Members of the development community have been eagerly awaiting a schema standard they could sink their teeth into. Schemata perform serious data validation and are fundamental to the process of automatically generating Java classes for XML data. Consequently, the need for a schema standard is strong.

(For a more detailed discussion on the advantages of schemata over DTDs, see the Sidebar below.)

However, the hoped-for W3C XML Schema standard remains in development. The industry players who are developing the standard have a long list of must-have features. The eventual result, by all accounts, will turn out to be something of a monolith. It will do what everyone says they need it to do, but it's going to take a lot of complex code to do it, and it's taking quite a bit of time for it to take shape.

Meanwhile, a former member of the schema-standards team came up with a better way, the Regular Language for XML, or RELAX. This Japanese standard is due to be submitted as a fast-track ISO proposal this summer. Makoto Murata, its author, took what appears in retrospect to be a simple idea: take the DTD, reformulate it in XML, take advantage of the structuring to provide context-sensitive definitions, and add the vitally important content validation.
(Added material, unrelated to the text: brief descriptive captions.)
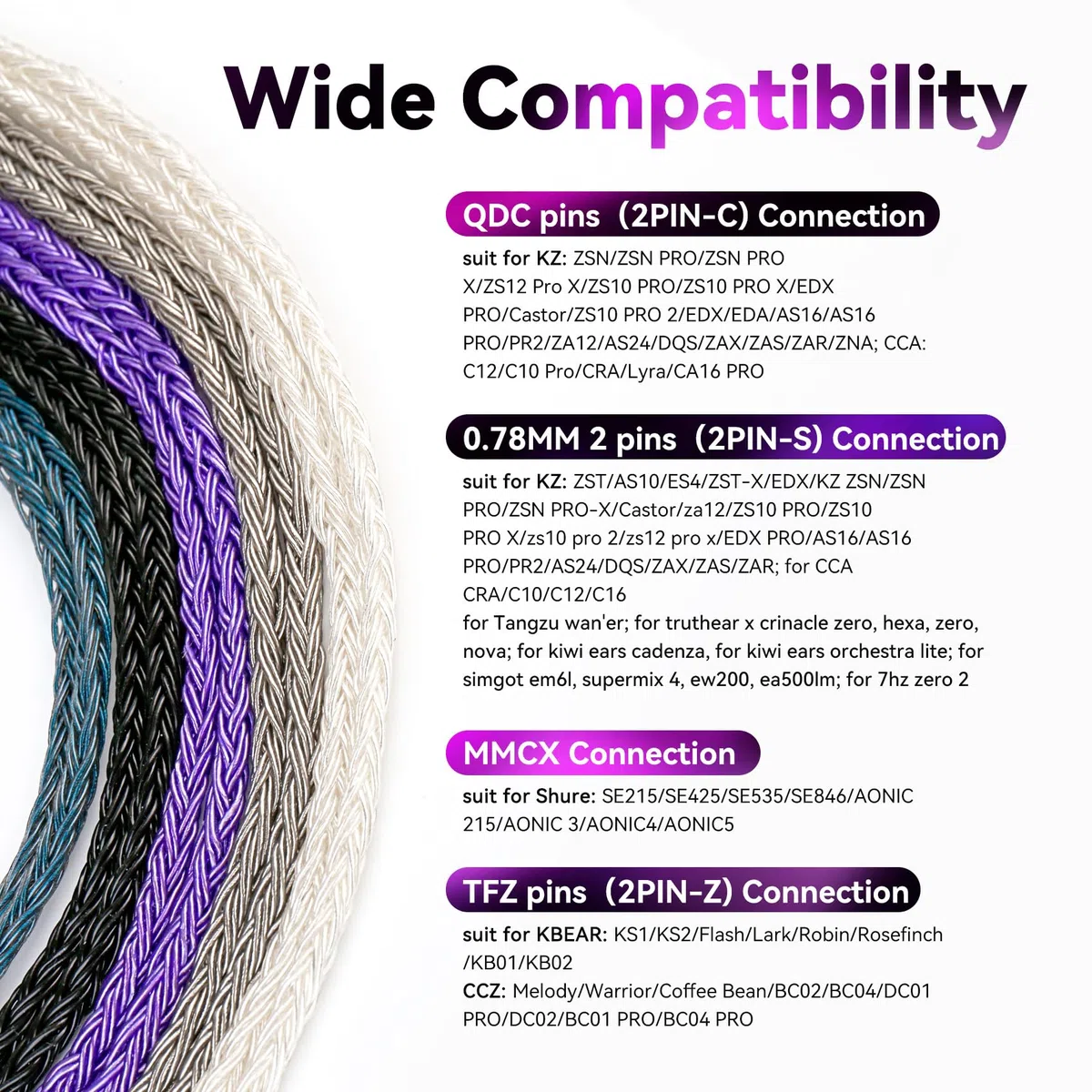 KBEAR JunTian IEM - Cable de auriculares intraurales de 2 m de largo, 16 núcleos 5N OCC chapados en plata, cables de extensión de auriculares para kz zs10 Pro, Tangzu wan'er, audiófilos y bateristas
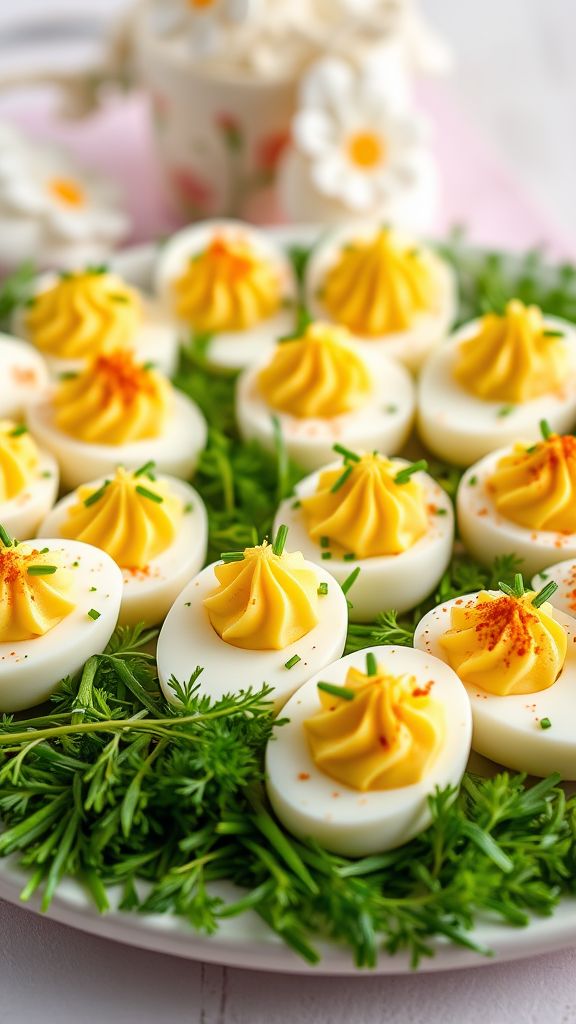 Springtime Deviled Eggs with Herbs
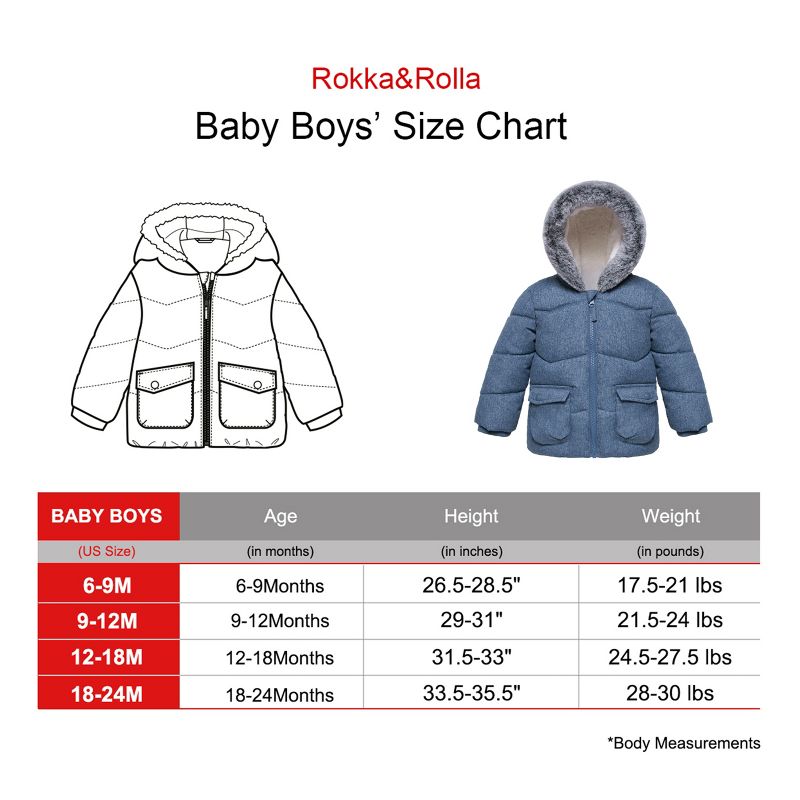 Rokka&Rolla Infant Toddler Boys' Puffer Coat Baby Hooded Winter Jacket, 3 of 10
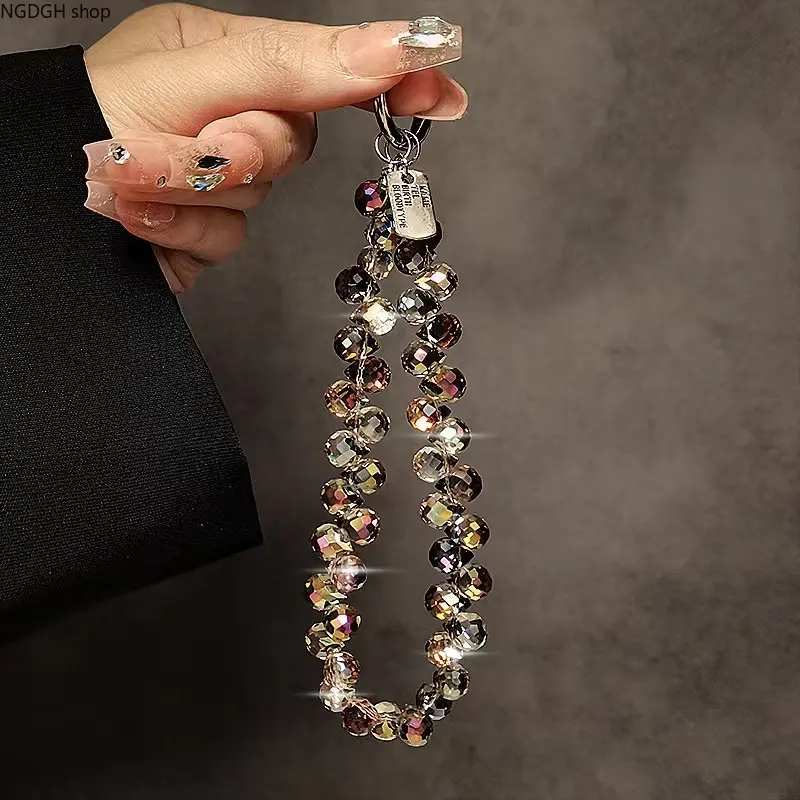 Women's Mobile Phone Wrist Strap - Crystal Rhinestone Beaded Bling Charm, Black Lanyard, Purple Colorful Lanyard, Tender Pink Adjustable Hand Chain, Sports & Outdoor Fashion Accessories, Travel Essentials, Camping Essentials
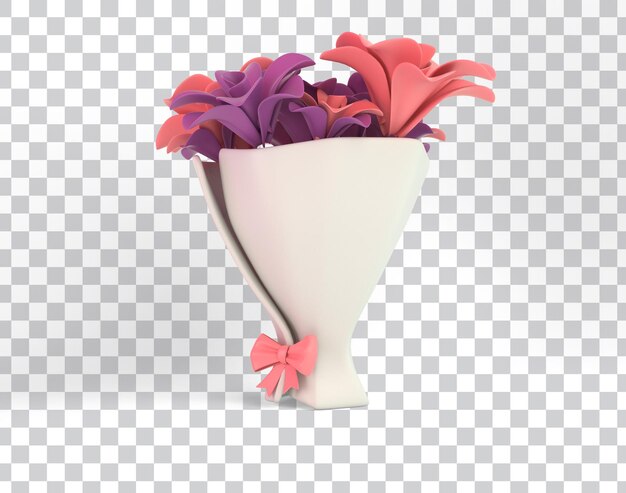 Ramo de flores de dibujos animados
The result: a specification that is simpler than XML Schema level 1, but which includes all of the content-validation mechanisms contained in XML Schema level 2. What may be as important to developers as the quality and simplicity of the standard, though, is the fact that it is available today. In addition, RELAX aims to future-proof your schema definitions by making them compatible with the parts of XML Schema that have already been defined.

At the moment, the RELAX project is at the alpha stage. The full specification and implementation should be available by the end of the summer, but a tutorial is available now (see Resources). Note: the RELAX English translation is almost finished.

The RELAX DTD translator available now allows developers to move away from DTDs immediately. In addition, the promise of compatibility with the XML Schema means that nothing is lost by making the translation. Due to that intelligent combination, RELAX seems well-positioned for early adoption by developers hungry for a schema. And if it fulfills its promise, it may well become the de facto standard for a long time to come.

Eric Armstrong has been programming and writing professionally since before there were personal computers. His production experience includes artificial intelligence (AI) programs, system libraries, real-time programs, and business applications in a variety of languages. He is currently on contract at Sun's Java Software division in the San Francisco Bay Area, and he is a regular contributor to JavaWorld. He wrote The JBuilder2 Bible and authored the Java/XML programming tutorial available at http://www.java.sun.com/xml.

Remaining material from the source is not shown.